3115 Pico BoulevardSanta Monica CA 90405USA(23 July 2007)
I was in California for business travelling with some real wine buffs who insisted we go to Valentino’s not for the food but for the wine list. They where rights of course as the wine list is not so much a list as a book. The restaurant has over 200,000 bottles in its cellar and when they drop the wine list in your lap it is quite intimidating. If they have a wine, they also have all notable vintages of that wine, so it is not enough to know the producer you need to know the vintage. Similarly, if they have the region they have all the notable producers… I just found this confusing.
In the end I settled for a Hofstatter, Pinot Nero Riserva S.Urbano 2000 from Alte Adige and a Voerzio Barolo Cerequio 1996. Choose both because they where pretty reasonable value for money (in a pricey list) and because I know the producers. I hate taking pot shots on wine when I’m with business associates.

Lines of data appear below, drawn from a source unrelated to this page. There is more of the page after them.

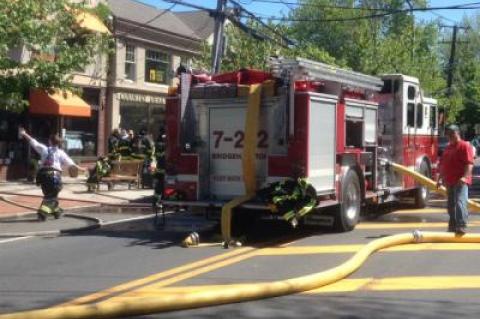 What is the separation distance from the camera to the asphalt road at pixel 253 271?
7.20 m

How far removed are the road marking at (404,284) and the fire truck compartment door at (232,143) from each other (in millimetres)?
3627

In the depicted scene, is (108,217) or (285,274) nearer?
(285,274)

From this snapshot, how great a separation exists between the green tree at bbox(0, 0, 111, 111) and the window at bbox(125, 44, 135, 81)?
7.63 meters

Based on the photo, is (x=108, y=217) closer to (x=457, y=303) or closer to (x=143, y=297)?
(x=143, y=297)

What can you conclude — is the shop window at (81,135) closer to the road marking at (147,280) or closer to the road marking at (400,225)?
the road marking at (400,225)

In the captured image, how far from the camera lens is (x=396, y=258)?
984 centimetres

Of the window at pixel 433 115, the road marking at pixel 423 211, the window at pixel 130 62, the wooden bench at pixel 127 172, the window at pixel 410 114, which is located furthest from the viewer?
the window at pixel 130 62

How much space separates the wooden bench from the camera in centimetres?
2109

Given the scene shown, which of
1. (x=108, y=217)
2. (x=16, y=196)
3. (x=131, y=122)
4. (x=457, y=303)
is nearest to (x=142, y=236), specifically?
(x=108, y=217)

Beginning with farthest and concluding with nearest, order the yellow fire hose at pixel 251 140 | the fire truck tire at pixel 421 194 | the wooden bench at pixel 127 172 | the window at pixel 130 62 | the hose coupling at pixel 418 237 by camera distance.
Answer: the window at pixel 130 62, the wooden bench at pixel 127 172, the fire truck tire at pixel 421 194, the yellow fire hose at pixel 251 140, the hose coupling at pixel 418 237

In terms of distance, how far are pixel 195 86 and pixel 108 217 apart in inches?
170

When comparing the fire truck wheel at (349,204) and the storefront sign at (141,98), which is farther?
the storefront sign at (141,98)

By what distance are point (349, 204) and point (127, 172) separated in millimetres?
10531

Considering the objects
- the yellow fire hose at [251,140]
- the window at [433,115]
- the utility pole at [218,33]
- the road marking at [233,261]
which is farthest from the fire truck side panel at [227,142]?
the utility pole at [218,33] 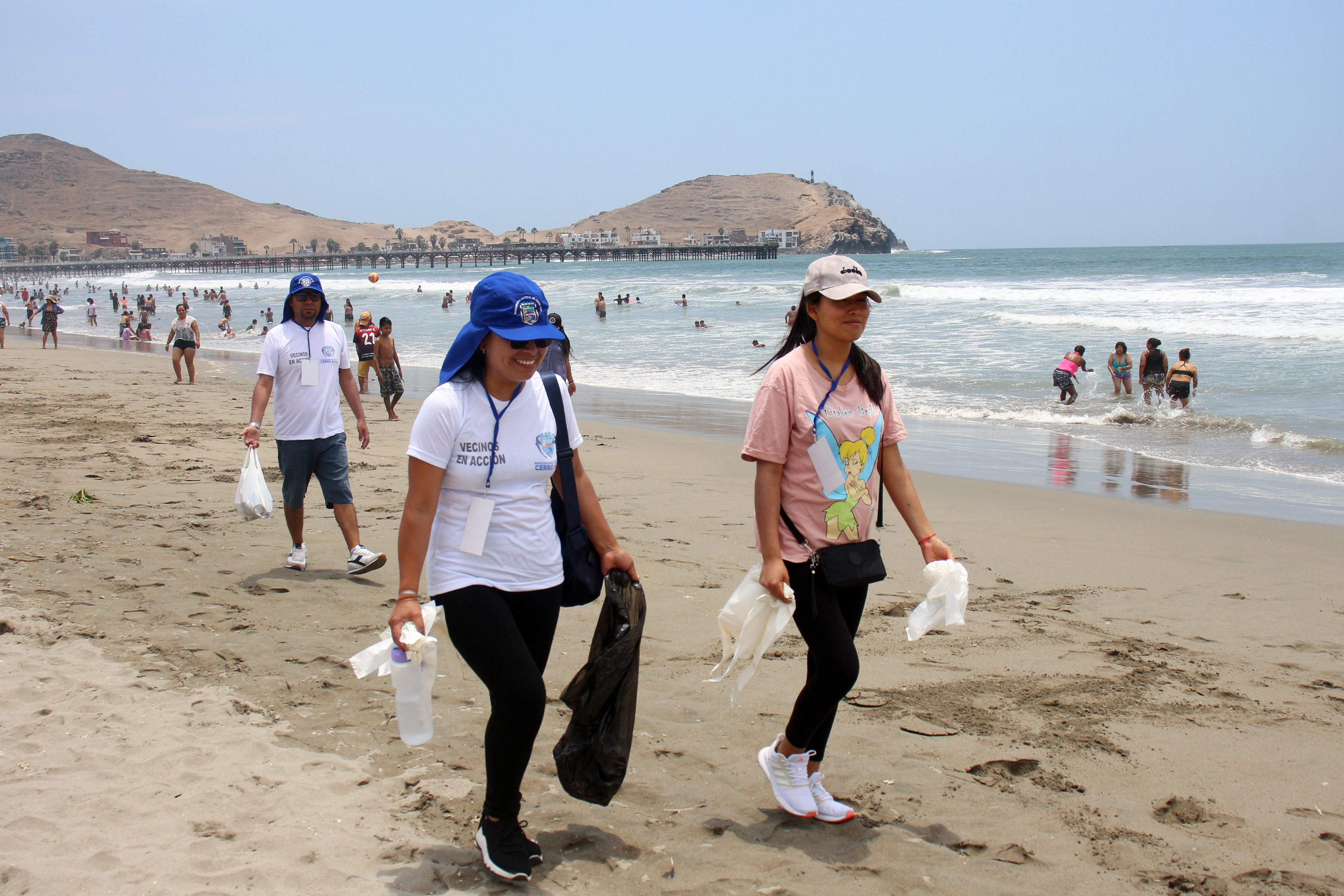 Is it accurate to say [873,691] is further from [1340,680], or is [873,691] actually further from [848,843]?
[1340,680]

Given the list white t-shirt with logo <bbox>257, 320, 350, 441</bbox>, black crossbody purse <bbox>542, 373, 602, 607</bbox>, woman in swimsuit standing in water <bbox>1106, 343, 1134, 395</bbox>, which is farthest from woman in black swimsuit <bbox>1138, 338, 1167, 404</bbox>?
black crossbody purse <bbox>542, 373, 602, 607</bbox>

The food was pretty decent too! I had summer truffle risotto that was as good as any I’ve ever had. Actually, it was amongst the best I’ve had to be fair. I also had a steak, fillet mignon, with a Balsamic reduction sauce. The beef was really good and perfectly prepared but the sauce was a real disappointment that ruined the whole dish for me. Basically, balsamic vinegar is a very popular ingredient that people tend to use in inappropriate ways.